» **TASK TO CARRY OUT**: Where the records below reach the line containing "Kia e-Niro Kia", start transcribing, and end with the line containing "Living - 3105", exactly and with nothing else added.

» **INPUT DATA**:
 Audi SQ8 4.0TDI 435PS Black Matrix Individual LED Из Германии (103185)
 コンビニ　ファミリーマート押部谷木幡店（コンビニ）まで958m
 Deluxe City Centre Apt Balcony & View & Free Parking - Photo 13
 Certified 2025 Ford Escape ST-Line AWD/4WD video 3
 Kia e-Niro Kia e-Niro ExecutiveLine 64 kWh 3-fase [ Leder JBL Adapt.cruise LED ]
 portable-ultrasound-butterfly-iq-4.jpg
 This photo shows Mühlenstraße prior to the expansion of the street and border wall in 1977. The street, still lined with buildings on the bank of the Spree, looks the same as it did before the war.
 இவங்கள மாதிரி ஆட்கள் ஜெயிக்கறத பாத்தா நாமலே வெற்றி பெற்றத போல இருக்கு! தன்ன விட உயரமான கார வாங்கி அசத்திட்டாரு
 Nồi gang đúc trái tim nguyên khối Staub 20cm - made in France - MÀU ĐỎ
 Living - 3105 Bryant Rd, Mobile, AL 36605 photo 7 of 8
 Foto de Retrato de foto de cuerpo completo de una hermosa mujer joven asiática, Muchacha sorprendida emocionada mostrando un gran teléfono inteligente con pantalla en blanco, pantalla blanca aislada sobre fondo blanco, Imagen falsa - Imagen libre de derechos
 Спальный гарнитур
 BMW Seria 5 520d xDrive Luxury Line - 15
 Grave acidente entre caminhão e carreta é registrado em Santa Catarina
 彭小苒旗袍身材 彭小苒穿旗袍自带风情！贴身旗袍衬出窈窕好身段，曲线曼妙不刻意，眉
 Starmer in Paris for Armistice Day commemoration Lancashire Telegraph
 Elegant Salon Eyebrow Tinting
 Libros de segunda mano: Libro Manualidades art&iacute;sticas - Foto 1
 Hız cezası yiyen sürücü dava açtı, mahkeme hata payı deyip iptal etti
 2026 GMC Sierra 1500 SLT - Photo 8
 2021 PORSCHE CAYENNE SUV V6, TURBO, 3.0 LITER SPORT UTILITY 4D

» **ANSWER FOR THE TASK**:
 Kia e-Niro Kia e-Niro ExecutiveLine 64 kWh 3-fase [ Leder JBL Adapt.cruise LED ]
 portable-ultrasound-butterfly-iq-4.jpg
 This photo shows Mühlenstraße prior to the expansion of the street and border wall in 1977. The street, still lined with buildings on the bank of the Spree, looks the same as it did before the war.
 இவங்கள மாதிரி ஆட்கள் ஜெயிக்கறத பாத்தா நாமலே வெற்றி பெற்றத போல இருக்கு! தன்ன விட உயரமான கார வாங்கி அசத்திட்டாரு
 Nồi gang đúc trái tim nguyên khối Staub 20cm - made in France - MÀU ĐỎ
 Living - 3105 Bryant Rd, Mobile, AL 36605 photo 7 of 8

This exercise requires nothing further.